The world’s leading publication for data science, AI, and ML professionals.

Elegant CICD with Databricks notebooks

How to release Databricks Notebook artifacts with Azure DevOps

With Luuk van der Velden

Notebooks are the primary runtime on Databricks from data science exploration to ETL and ML in production. This emphasis on notebooks calls for a change in our understanding of production quality code. We have to do away with our hesitancy about messy notebooks and ask ourselves: How do we move notebooks into our production pipelines? How do we perform unit and integration tests on notebooks? Can we treat notebooks as artifacts of a DevOps pipeline?

Databricks Notebooks as first class citizens

When choosing Databricks as the compute platform your best option is to also run notebooks in your production environment. This decision is dictated by the overwhelming support for the notebooks runtime versus classic python scripting. We argue that, one should fully embrace the notebooks approach and choose the best methods to test and deploy notebooks in a production environment. In this blog, we use Azure Devops pipelines for notebook (unit, integration) testing using transient Databricks clusters and notebook artifact registration.

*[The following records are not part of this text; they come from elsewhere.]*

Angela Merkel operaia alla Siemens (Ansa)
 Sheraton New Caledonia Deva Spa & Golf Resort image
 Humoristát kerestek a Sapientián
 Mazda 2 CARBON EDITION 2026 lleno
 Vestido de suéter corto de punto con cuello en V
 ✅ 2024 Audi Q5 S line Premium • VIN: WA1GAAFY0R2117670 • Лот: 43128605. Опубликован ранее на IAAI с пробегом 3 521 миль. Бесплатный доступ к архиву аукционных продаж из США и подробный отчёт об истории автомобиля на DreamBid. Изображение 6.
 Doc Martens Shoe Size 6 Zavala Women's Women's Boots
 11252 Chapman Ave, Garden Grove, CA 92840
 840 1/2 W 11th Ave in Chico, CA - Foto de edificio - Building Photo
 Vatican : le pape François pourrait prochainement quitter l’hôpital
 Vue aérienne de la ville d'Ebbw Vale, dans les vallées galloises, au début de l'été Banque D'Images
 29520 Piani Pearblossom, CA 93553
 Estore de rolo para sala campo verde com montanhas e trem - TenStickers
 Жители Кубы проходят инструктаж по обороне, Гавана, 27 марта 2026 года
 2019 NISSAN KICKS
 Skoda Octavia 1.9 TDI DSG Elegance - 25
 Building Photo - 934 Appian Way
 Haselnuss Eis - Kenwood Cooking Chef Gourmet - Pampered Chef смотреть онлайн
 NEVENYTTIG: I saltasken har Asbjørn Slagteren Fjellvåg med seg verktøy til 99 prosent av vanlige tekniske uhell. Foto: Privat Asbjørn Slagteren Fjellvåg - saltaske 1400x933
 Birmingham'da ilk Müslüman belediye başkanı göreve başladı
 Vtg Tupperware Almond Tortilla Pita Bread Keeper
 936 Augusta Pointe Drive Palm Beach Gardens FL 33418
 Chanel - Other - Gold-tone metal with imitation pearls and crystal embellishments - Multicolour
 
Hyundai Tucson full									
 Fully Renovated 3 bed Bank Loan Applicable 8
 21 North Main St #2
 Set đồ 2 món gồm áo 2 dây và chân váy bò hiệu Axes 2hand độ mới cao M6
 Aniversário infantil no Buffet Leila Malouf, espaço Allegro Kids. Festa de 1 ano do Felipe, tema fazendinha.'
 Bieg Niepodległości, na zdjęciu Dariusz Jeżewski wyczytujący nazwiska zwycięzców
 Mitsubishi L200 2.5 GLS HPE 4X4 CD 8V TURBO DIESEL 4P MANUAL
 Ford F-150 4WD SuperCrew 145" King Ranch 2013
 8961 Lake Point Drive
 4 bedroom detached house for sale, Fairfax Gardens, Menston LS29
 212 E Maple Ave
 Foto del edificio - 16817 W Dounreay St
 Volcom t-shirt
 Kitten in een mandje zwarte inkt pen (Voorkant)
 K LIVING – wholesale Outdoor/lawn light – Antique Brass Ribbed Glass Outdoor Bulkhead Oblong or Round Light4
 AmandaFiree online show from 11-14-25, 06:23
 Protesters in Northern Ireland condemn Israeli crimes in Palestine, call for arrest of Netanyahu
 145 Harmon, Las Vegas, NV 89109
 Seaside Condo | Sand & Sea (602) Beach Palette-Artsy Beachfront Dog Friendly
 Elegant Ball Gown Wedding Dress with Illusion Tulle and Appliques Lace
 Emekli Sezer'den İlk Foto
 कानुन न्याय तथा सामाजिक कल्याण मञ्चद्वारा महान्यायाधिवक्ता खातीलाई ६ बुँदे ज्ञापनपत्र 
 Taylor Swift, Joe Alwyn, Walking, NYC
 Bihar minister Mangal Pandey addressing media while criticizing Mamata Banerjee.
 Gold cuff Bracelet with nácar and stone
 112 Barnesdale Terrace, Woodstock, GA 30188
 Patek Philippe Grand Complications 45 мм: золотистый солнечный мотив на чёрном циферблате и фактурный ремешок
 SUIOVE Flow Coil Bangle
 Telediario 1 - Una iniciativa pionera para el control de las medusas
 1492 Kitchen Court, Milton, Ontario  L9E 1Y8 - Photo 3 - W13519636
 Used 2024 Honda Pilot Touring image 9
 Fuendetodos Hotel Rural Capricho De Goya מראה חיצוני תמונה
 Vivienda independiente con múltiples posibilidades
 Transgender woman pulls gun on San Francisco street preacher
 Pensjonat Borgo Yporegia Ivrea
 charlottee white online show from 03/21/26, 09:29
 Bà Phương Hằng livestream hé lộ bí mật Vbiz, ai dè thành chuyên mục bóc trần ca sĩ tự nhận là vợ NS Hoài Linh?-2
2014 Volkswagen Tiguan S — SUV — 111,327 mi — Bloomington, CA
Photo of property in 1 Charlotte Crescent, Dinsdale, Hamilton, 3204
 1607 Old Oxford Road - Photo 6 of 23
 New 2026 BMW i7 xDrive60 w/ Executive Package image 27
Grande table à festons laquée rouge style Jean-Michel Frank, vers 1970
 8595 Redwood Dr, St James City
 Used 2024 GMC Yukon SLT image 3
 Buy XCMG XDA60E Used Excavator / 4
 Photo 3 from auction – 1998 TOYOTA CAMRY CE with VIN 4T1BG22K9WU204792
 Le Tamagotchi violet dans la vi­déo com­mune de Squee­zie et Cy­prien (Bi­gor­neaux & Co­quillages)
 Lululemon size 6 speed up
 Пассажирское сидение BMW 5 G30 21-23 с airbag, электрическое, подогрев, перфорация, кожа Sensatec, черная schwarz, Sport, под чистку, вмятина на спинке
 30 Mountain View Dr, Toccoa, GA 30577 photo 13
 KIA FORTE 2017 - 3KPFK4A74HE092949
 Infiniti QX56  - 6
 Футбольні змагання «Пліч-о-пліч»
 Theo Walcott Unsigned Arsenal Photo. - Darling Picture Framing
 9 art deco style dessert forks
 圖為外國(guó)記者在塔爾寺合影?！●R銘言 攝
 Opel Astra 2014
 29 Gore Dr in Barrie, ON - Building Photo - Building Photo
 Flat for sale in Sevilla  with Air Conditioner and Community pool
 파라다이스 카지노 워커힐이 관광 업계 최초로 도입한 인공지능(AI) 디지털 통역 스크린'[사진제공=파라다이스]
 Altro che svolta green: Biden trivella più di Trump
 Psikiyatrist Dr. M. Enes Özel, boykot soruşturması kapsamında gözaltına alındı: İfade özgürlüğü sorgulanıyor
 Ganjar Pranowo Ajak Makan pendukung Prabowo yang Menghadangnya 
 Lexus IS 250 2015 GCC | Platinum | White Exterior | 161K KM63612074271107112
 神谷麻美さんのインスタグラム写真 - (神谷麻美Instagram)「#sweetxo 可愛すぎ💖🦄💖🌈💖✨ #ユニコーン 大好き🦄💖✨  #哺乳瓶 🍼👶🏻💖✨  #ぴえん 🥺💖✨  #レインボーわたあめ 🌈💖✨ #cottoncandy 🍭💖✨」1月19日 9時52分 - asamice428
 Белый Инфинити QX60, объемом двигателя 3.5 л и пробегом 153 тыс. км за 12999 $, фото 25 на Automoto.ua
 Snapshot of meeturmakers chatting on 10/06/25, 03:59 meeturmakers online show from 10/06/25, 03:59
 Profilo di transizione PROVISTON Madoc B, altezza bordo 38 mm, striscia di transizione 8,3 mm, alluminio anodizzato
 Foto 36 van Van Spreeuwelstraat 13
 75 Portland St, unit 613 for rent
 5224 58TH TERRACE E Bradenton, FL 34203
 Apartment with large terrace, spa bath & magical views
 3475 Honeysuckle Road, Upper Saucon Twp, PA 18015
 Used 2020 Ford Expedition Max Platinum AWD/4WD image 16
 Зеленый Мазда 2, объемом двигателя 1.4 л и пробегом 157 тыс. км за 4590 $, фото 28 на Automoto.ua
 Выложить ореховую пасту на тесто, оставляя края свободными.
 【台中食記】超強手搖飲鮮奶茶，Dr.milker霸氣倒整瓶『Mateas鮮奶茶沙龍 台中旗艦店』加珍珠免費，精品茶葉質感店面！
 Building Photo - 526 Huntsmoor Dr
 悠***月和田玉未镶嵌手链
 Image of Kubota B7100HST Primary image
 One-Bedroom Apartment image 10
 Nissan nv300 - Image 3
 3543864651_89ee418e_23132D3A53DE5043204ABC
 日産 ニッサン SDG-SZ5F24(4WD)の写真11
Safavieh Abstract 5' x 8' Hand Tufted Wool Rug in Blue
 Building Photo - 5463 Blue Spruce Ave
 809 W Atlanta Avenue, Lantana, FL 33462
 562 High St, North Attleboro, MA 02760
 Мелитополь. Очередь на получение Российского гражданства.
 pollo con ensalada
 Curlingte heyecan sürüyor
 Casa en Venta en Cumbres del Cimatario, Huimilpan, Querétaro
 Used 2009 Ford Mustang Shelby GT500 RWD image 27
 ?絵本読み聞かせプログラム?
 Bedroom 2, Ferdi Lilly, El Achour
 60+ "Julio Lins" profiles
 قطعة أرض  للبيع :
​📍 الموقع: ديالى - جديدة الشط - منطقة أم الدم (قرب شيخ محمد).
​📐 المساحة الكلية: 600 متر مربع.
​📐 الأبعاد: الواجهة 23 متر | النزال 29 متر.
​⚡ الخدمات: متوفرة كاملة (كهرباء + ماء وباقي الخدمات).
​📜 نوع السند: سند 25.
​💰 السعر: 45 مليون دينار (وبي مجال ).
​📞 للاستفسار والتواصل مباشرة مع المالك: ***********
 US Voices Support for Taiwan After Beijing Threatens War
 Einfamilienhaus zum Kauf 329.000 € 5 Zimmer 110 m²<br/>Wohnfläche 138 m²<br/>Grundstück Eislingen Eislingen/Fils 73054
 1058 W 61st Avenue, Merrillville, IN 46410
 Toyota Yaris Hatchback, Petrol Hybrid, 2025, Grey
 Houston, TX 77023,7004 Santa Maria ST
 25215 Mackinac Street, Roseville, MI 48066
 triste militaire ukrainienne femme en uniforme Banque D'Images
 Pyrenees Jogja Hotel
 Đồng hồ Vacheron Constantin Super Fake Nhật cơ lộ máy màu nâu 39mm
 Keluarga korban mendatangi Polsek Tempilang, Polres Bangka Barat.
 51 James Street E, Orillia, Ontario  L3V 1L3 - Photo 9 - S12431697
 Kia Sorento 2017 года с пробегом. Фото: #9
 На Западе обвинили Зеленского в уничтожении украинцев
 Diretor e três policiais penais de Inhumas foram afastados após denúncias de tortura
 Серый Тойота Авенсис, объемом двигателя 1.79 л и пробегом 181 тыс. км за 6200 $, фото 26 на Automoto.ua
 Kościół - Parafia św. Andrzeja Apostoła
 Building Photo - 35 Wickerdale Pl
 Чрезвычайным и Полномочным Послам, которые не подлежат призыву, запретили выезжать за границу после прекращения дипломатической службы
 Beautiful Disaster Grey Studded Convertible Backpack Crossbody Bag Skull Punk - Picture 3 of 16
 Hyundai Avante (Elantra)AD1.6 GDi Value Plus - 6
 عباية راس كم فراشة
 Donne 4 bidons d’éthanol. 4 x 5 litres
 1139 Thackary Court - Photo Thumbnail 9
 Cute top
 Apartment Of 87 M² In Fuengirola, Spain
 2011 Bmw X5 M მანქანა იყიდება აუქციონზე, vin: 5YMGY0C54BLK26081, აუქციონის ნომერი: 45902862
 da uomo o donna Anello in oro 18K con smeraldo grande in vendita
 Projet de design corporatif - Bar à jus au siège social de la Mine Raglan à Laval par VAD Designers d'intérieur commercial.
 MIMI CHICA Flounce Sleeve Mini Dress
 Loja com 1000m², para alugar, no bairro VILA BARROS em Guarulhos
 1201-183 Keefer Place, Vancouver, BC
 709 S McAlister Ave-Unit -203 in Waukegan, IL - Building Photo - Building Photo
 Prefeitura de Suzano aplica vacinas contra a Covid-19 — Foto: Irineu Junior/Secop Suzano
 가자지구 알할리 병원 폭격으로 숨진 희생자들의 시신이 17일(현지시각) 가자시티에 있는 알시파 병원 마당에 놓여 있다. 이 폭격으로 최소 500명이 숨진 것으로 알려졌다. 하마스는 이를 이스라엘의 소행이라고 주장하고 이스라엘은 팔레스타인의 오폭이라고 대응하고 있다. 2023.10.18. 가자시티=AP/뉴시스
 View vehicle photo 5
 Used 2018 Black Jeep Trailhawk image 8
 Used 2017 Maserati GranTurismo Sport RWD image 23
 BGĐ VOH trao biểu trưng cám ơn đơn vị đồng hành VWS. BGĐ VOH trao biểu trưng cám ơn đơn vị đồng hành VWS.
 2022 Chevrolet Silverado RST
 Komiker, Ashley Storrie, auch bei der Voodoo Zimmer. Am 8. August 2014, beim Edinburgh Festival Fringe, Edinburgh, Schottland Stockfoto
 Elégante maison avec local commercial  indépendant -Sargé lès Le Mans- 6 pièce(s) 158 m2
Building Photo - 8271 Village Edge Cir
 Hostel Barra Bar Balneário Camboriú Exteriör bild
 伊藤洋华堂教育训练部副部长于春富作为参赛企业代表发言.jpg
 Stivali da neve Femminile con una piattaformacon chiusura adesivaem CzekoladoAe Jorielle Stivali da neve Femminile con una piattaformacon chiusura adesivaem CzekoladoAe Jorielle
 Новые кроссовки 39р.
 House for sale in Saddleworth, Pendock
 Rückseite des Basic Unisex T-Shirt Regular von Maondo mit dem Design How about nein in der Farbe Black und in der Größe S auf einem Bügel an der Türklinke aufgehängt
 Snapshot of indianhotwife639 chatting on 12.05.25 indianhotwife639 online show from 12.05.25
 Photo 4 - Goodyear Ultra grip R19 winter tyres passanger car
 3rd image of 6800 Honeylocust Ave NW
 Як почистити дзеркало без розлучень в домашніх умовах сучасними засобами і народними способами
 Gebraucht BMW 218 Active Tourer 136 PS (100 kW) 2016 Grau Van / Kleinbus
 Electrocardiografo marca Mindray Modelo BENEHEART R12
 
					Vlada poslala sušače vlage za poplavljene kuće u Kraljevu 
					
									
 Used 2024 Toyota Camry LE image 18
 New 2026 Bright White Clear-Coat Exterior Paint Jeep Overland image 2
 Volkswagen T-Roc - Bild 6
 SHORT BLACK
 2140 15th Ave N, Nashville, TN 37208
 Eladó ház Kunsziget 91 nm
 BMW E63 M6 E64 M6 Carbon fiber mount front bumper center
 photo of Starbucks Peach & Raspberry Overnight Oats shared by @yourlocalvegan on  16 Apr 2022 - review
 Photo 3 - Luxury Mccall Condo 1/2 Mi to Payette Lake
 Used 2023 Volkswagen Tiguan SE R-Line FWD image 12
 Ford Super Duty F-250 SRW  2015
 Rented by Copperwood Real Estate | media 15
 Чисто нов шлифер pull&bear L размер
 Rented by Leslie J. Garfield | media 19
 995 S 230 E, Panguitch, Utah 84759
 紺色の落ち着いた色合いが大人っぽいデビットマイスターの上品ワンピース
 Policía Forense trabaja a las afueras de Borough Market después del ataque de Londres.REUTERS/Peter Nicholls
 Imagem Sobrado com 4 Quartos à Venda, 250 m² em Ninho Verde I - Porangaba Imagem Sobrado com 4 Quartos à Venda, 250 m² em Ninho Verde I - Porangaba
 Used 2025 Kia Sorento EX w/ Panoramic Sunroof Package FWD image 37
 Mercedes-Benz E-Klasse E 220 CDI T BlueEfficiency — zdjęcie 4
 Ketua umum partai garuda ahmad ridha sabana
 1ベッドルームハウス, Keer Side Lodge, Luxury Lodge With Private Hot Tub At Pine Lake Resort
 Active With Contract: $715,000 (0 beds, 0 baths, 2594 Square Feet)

Notebooks: entry point of a python package

Notebooks can live in isolation, but we prefer them as part of a Git repository, which has the following structure. It contains a notebooks directory to check in Databricks notebooks as Source files, a Python package (‘my_model’) containing functionality to be imported in a notebook, a tests directory with unit tests for the Python package, an Azure DevOps pipeline and a cluster-config.json to configure our transient Databricks clusters. Additionally we use Poetry for Python dependency management and packaging based on the pyproject.toml specification.

notebooks/
-        run_model.py  # Databricks notebook checked in as .py file
my_model/
-        preprocessing.py  # Python module imported in notebook
tests/
azure-pipelines.yml
cluster-config.yml
pyproject.toml
...

Notebooks can be committed into a Git repository either by linking a Git repository to the notebook in the Databricks Workspace or by manually exporting the notebook as a Source File. In both cases, the notebooks are available in the repository as a Python file with Databricks markup commands. The notebook entry point of our repository is shown below. Notice that it installs and imports the Python package ‘my_model’ build from the containing repository. The package versioning will be worked out in detail later. Any notebook logic is captured in the main function. After executing the main function dbutils.notebook.exit() is called, which signals successful completion and allows a result value to be returned to the caller.

# Databricks notebook source
dbutils.widgets.text("package_version", defaultValue='')
package_version = dbutils.widgets.get("package_version")

# COMMAND ----------

devops_pat = dbutils.secrets.get("devops_scope", "devops-artifact-read")
%pip install my_model==$package_version --index=https://build:[email protected]/organization/project/_packaging/feed/pypi/simple/

# COMMAND ----------

from my_model.preprocessing import do_nothing

# COMMAND ----------

# define the main model function
def main(spark):
  do_nothing(spark)

# COMMAND ----------

# run the model
from loguru import logger

with logger.catch(reraise=True):
  main(spark)

# COMMAND ----------

dbutils.notebook.exit("OK")

Notebook pull request pipeline

When developing notebooks and their supporting Python package, a developer commits on a development branch and creates a Pull Request for colleagues to review. Figure 1 shows the steps of the pipeline that support our Pull Requests. The Pull Request automatically triggers an Azure DevOps Pipeline that has to succeed on the most recent commit. First we run the unit tests of the Python package and on success build it and publish the dev build package to Azure Artifacts. The version string of this dev build package is passed to the notebook input widget "package_version" for notebook integration testing on our staging environment. The pipeline validates whether the notebook runs successfully (whether dbutils.notebook.exit is called) and provides feedback on the Pull Request.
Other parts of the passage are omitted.